Pour parler clair, il serait idiot d’ajouter des conservateurs dans ce type de produit, puisque d’une part ils y sont inutiles et que d’autre part, ils ne pourraient que diminuer sa tolérance cutanée ! Dans ce cas, la mention "Sans conservateur" est, certes, exacte. Quant à prétendre qu’elle est pertinente… On peut même la qualifier de légèrement "de nature à induire le consommateur en erreur" (selon la formule consacrée des autorités de contrôle du secteur), puisqu’elle tend à faire penser que le fabricant s’est volontairement privé d’avoir recours à un ingrédient et s’est donné la peine d’élaborer une solution alternative, alors que son produit ne se présente ni plus ni moins que comme ceux de tous ses concurrents…

"Sans"… vraiment ?

Il est aussi des cas où la mention n’est plus seulement légèrement ambigüe, mais devient carrément mensongère.

Une enquête conjointe de la DGCCRF et de l'Afssaps , menée au cours des 2e et 3e trimestres de l'année 2008 sur les cosmétiques estampillés "Sans conservateur" a ainsi montré que sur 43 produits analysés, 13 contenaient des composés classés par la nomenclature officielle des ingrédients cosmétiques dans la catégorie des conservateurs.

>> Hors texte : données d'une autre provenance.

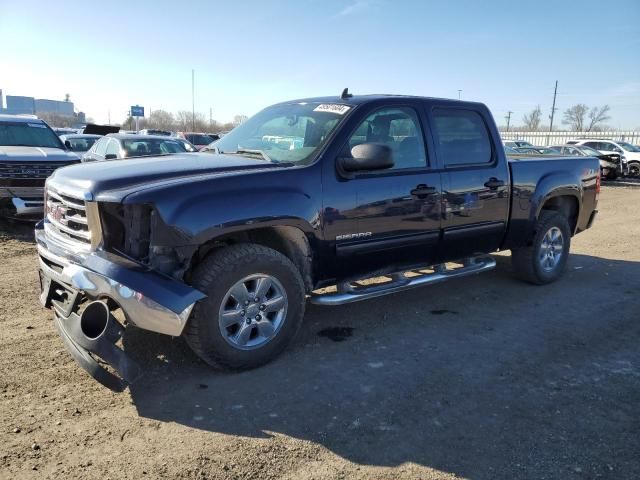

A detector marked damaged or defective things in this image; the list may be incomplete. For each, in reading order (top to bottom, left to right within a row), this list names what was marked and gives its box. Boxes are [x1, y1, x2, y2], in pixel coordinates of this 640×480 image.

damaged front bumper [35, 223, 205, 392]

Pour 3 d’entre eux, la fraude était évidente, les pourcentages retrouvés à l’analyse prouvant que ces composés avaient été introduits volontairement dans un but de conservation.

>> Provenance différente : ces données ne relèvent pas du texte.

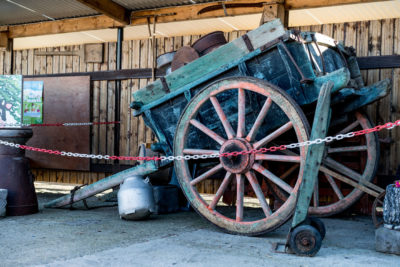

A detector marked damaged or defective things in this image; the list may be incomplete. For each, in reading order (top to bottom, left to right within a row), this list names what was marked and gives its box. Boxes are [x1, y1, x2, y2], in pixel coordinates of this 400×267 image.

rusty equipment [0, 129, 38, 217]
rusty metal chain [0, 119, 400, 161]
rusty equipment [45, 19, 390, 256]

Pour les 10 autres, les quantités détectées étant très faibles, il s'agissait vraisemblablement de substances qui n'avaient pas été ajoutées par le fabricant lui-même dans la formule, mais avaient servi à conserver les ingrédients mis en œuvre. Il n'en reste pas moins qu’ils étaient présents dans le produit fini, et que la mention "Sans conservateur" ne peut pas être considérée dans ce cas comme exacte.